Print this span of the material below exactly: the line with "Lighted Spooky Black Haunted House", the line with "Puxador de móvel", and every line between them, but nothing else.
(Material to process)
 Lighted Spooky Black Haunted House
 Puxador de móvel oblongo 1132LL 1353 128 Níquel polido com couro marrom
(End Material to process)
(Material to process)
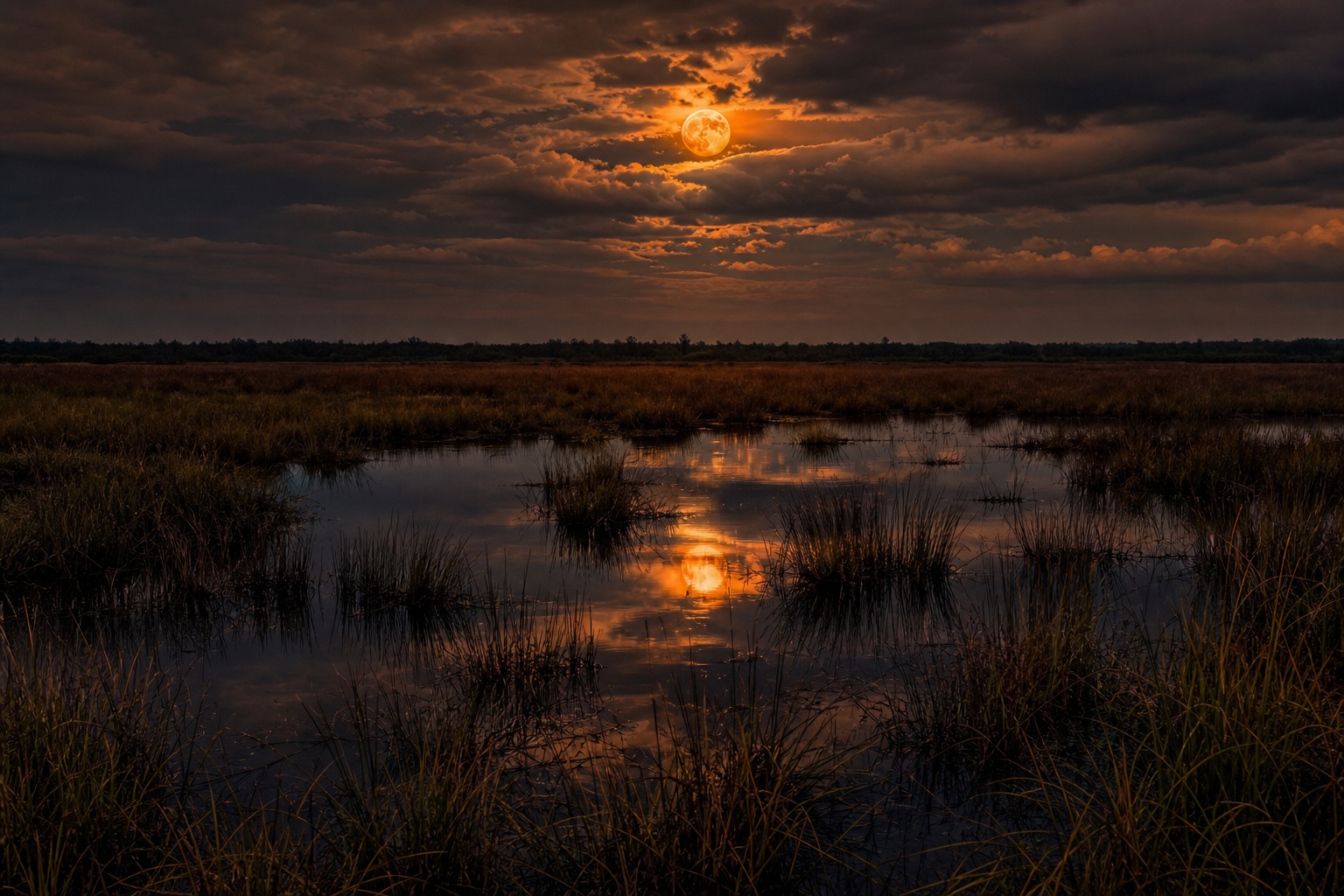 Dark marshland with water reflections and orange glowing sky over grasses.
(End Material to process)
(Material to process)
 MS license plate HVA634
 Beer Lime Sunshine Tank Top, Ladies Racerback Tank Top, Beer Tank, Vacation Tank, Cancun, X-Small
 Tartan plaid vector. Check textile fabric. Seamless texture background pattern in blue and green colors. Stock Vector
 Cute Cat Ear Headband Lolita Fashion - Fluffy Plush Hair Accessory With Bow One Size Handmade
(End Material to process)
- Your response:
 Lighted Spooky Black Haunted House
 Puxador de móvel oblongo 1132LL 1353 128 Níquel polido com couro marrom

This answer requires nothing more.